В России середины XIX века существовали разные категории драматургов и драматических произведений. За пределами относительно узкого (хотя постепенно расширявшегося) круга писателей, публиковавшихся в толстых литературных журналах и обсуждавшихся в серьезной литературной критике, существовало множество плодовитых и по-своему успешных сочинителей, таких как П. И. Григорьев, П. А. Каратыгин или Н. И. Куликов, которые далеко не всегда печатали свои произведения (тем более на страницах влиятельных периодических изданий) и были значительно более популярны среди театральной публики, чем среди читателей. Их пьесы обсуждались театральной критикой скорее в связи с определенной постановкой, а сами такие драматурги часто воспринимались скорее как представители сообщества актеров и режиссеров, а не профессиональных писателей.
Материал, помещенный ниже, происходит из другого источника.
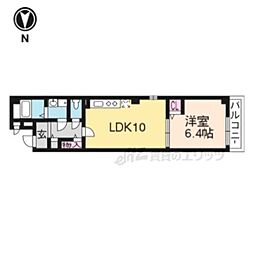 京都市営烏丸線 五条駅 徒歩10分の賃貸マンション 2階1LDKの間取り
Пользуясь категориальным аппаратом русского формализма, предложенное нами разграничение можно понять как оппозицию центра и периферии литературного ряда. Предложивший этот подход Тынянов пытался применить его к анализу сценических произведений:
Коренная разность таких явлений, как драматургия Шаховского, Катенина, Грибоедова, с одной стороны, Пушкина — с другой, заключалась в том, что первые были неразрывно связаны с конкретным театром своего времени, установка их вещей конкретно-театральная, тогда как драматургия Пушкина есть результат эволюции его жанров и установки на конкретный театр своего времени не имеет. Эволюция драматургии первых связана с эволюцией театра, эволюция драматургии второго — с эволюцией поэтических жанров[374]
.До сих пор Островский занимает необычное место в каноне: он, пожалуй, единственный среди известных авторов этого периода в первую очередь ориентировался на театр, на сценическую жизнь своих произведений, а не на литературную их судьбу[375]
. Вместе с тем драматург, в отличие от многочисленных других успешных сочинителей своего времени, надолго остался в пантеоне классиков: его произведения уже больше века изучаются в вузах и средней школе, ставятся на сцене и проч. По-видимому, причина здесь не может лежать исключительно в самой по себе специфике произведений драматурга или в самих по себе общественных условиях, в которых эти произведения бытовали. В этой главе мы попытаемся показать, что значительную роль в канонизации Островского сыграла реакция цензуры на его ранние произведения. Как ни парадоксально, именно цензоры, реагируя на своеобразную поэтику пьес Островского, в конечном счете определили некоторые особенности их рецепции и ввели драматурга в число наиболее значимых писателей своего времени. Чтобы продемонстрировать это, мы обратимся к цензурной истории первого большого произведения драматурга — комедии «Свои люди — сочтемся!» (1850), а также пьесы «Воспитанница» (1859) и произведений других русских драматургов этого периода.В первом разделе главы мы рассмотрим историю запрещения комедии «Свои люди — сочтемся», где участвовало сразу несколько цензурных ведомств и лично император Николай I. Второй раздел посвящен тому, каким образом Островский после запрещения — и отчасти благодаря ему — стал знаменитым писателем, а позже — влиятельным драматургом. Там же мы покажем, как изменение статуса Островского повлияло на трактовку его произведений цензурой и как эта трактовка во многом свидетельствует о новом понимании задач театра, типичном и для цензурного ведомства эпохи реформ, и для самого Островского. В третьем разделе рассматривается запрет пьесы «Воспитанница», очень ясно демонстрирующий, чего цензура ожидала от Островского в этот период. Четвертый и последний раздел описывает разрешение комедии «Свои люди — сочтемся!», которое стало, как мы покажем, закономерным последствием нового места Островского в литературе и нового отношения цензуры к творчеству драматурга.